The image on the TV screen was still frozen where I had paused the cassette. The magician had just returned the second dove to the cage on the table beside him. For a long second we both stared at it. The magician had tattoos of the sun and a crescent moon on his neck.

“What do you remember about your own sleepwalking?” she asked me after a moment.

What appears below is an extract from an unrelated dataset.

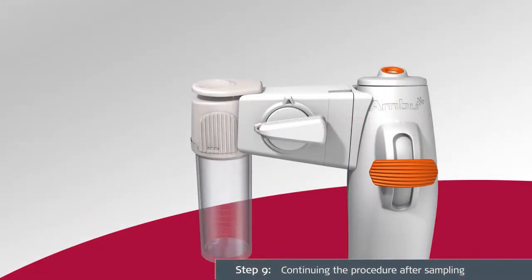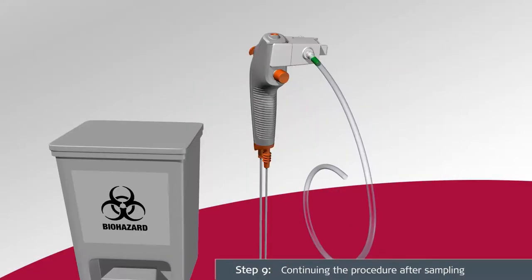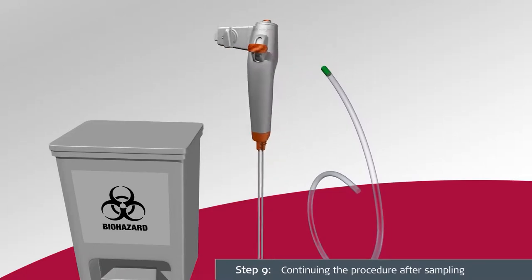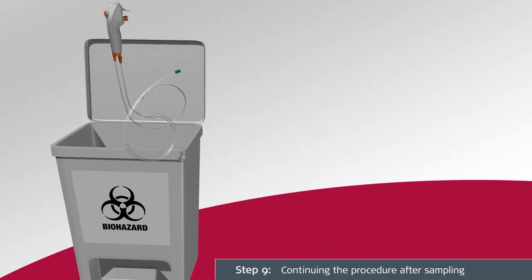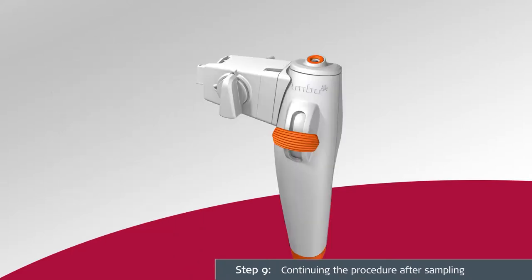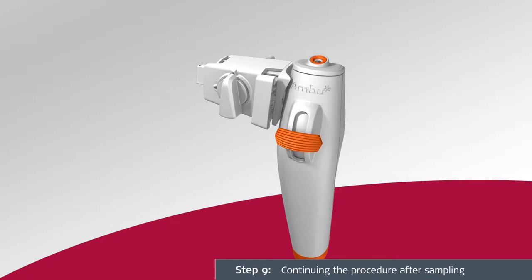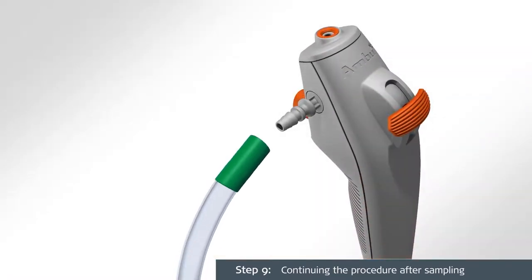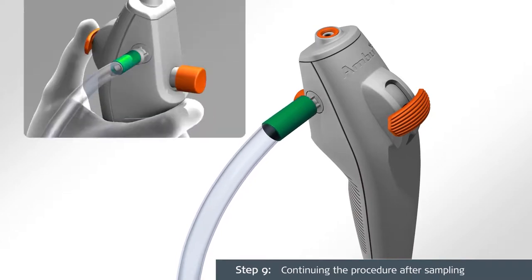Once the sampling procedure is complete, disengage the suction by pulling the suction tube off of the sampler bridge and discard the sampler bridge along with the A-Scope IV Bronco. If you need to continue the bronchoscopy procedure after sampling, disengage the attachment lock to detach the sampler bridge from the A-Scope IV Bronco, then pull to disconnect. Reattach the suction tube to the suction connector on the A-Scope IV Bronco and continue.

Like most sleepwalkers, I recalled almost nothing. I really had but one memory: waking up and my mother was sobbing. It was one of those horrific, perfect storms. It was ten at night and I was six. In my memory, my mother was writhing alone on the floor of the bathroom off the master bedroom, curled up almost in the fetal position beside the tub. She was wearing a white nightshirt and there was blood on one of her thighs. I was clutching a portable, plastic Barbie dollhouse. I had no idea how or why I had woken up, or what I was doing with the dollhouse in my arms. I had been oblivious to my mother’s crying. My father had gone outside to bring the car to the front steps from the carriage barn. I had been terrified when I had woken and seen my mother in that condition, and I had dropped the dollhouse onto the tile, breaking off a part of the roof and the wall. A small, sharp piece of plastic had shot into my mother’s face, nicking her just below her eye, and the blood had mixed with her tears, making the wound look far worse than it actually was.

Years later, my mother would explain to me what I had walked in on: the third miscarriage. It was starting and my mother knew the feeling, having endured it twice before. She was going to lose another baby.